Traditional Islamic jurisprudence divides crimes into offenses against God and those against man. The former are seen to violate God's hudud or "boundaries", and they are associated with punishments specified in the Quran and in some cases inferred from hadith. The offenses incurring hudud punishments are zina (unlawful sexual intercourse such as fornication), unfounded accusations of zina, drinking alcohol, highway robbery, and some forms of theft. Jurists have differed as to whether apostasy from Islam and rebellion against a lawful Islamic ruler are hudud crimes.
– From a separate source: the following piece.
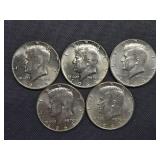 (5) 1964-P Kennedy Half Dollars (uncirculated)
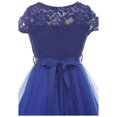 thumbnail image 4 of Little Girl Cap Sleeve Lace Tulle Pearl Belt Pageant Party Flower Girl Dress USA Royal 4 JKS 2122 BNY Corner, 4 of 5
Hudud punishments range from public lashing to publicly stoning to death, amputation of hands and crucifixion. Hudud crimes cannot be pardoned by the victim or by the state, and the punishments must be carried out in public. These punishments were rarely implemented in practice, however, because the evidentiary standards were often impossibly high. For example, meeting hudud requirements for zina and theft was virtually impossible without a confession in court, which could be invalidated by a retraction. Based on a hadith, jurists stipulated that hudud punishments should be averted by the slightest doubts or ambiguities (shubuhat, sing. shubha).
During the 19th century, Sharia-based criminal laws were replaced by statutes inspired by European models in many parts of the Islamic world, although not in particularly conservative regions such as the Arabian peninsula. The Islamic revival of the late 20th century brought along calls by Islamist movements for full implementation of Sharia.